The five patents tried to the April 2024 jury form a subset of the eight patents asserted in the Pantechs' original, June 2022 complaint, the plaintiffs targeting the provision of devices compliant with LTE and 5G cellular networking standards, as well as those with certain touch-based functionalities. That jury found that Pantech proved infringement of three SEPs: specifically, claims 9 and 11 of the '839 patent, claim 1 of the '247 patent, and claims 6 and 9 of the '954 patent. It also found that Pantech proved infringement of the other two patents: specifically, claims 10 and 17 of the '052 patent and claims 1, 6, and 10 of the '654 patent.
Judge Schroeder granted OnePlus's motion for judgment as a matter of law of no infringement of claims 10 and 17 of the '052 patent, noting that "OnePlus persuasively argues there are many issues with Pantech's infringement read", the "most problematic" of which being Pantech's reliance on its technical expert's ipse dixit testimony to show the presence of a required "event table" structure in the accused products.

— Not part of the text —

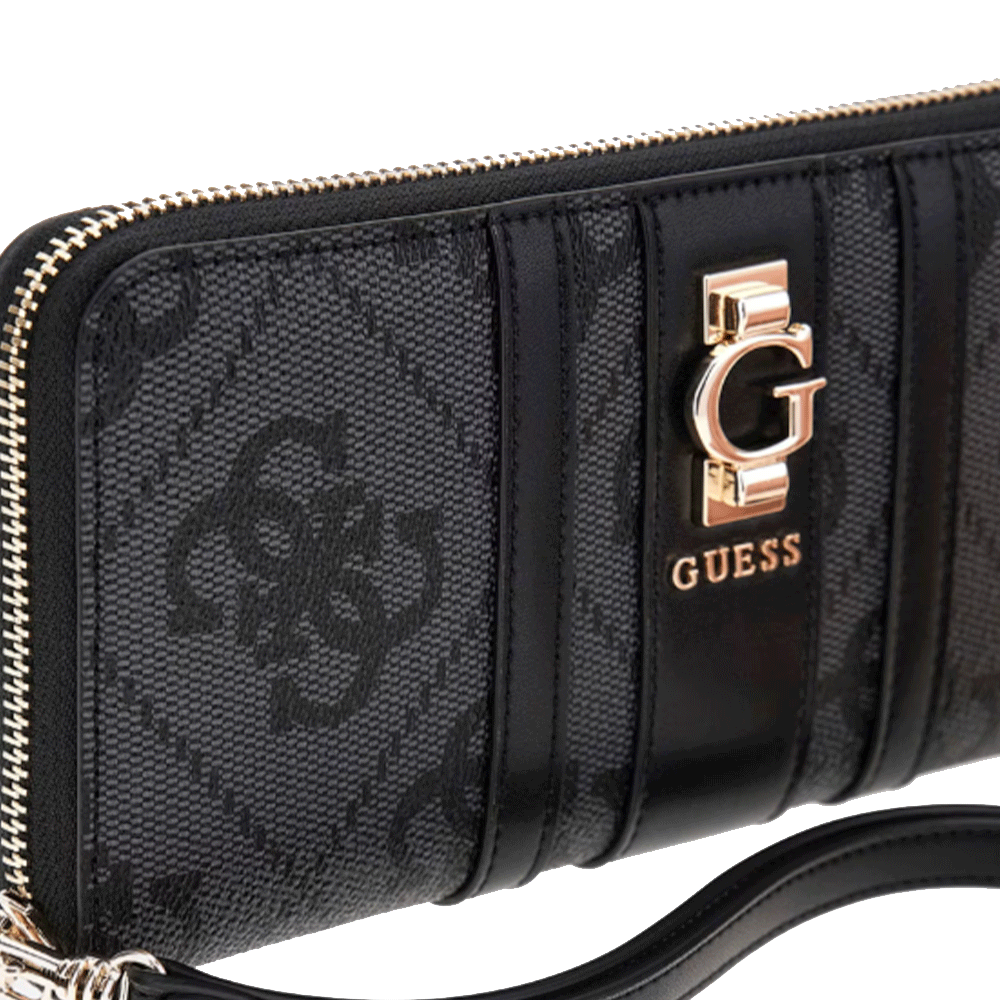 Portafoglio Donna GUESS Zip Around Linea Erenia colore Coal Logo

The court turned away the challenges to the jury's remaining infringement findings, but it could not find a way to properly quantify a reduced damages amount to impose a remittitur.
The court was also convinced that "there is evidence that the verdict may have resulted from passion or prejudice", at least in part because the court allowed Pantechs' lawyers to pose "excessive questions about litigation in the United Kingdom and Germany" and then the Pantechs, in their closing argument, "suggested to the jury that they should increase the damages to punish OnePlus for its holdout behavior". The original "leeway" to explore this line of questioning was granted "based on [the plaintiffs'] representation that [they] wanted to impeach a witness who testified they did not know what a 'holdout' was". However, it went too far, prompting the court to cut the questioning off, and the reintroduction of the holdout issue in closing argument triggered a sustained objection. Thus, in light of this prejudice and given the difficulty in crafting a remittitur, the court granted OnePlus a new trial on the issue of damages, which the first jury had pegged at over $10M, as noted.
The second jury, hearing just the damages issues, priced infringement of the '247, '839, and/or '954 patents at $739,708.43, of the '654 patent at $260,291.57, the two figures adding up to an even $1M, the basis of the court's later judgment. The court declined to enhance damages based on the willfulness finding and ruled that the case is not exceptional, denying Pantech's request to shift attorney fees. A second case against OnePlus, over different Pantech patents (8,995,372; 9,288,824; 9,369,251; 9,763,283; 9,769,776; 10,764,803; 10,863,573; 11,212,838) and filed this past March, has entered claim construction, with the parties wrangling over the scope of discovery of past license agreements. Pantech has filed a motion to compel, arguing that "[i]nstead of producing all 4G and 5G license agreements in good faith, OnePlus seeks to shield these documents from discovery by invoking the involvement of its parent company, OPPO, or other signatories".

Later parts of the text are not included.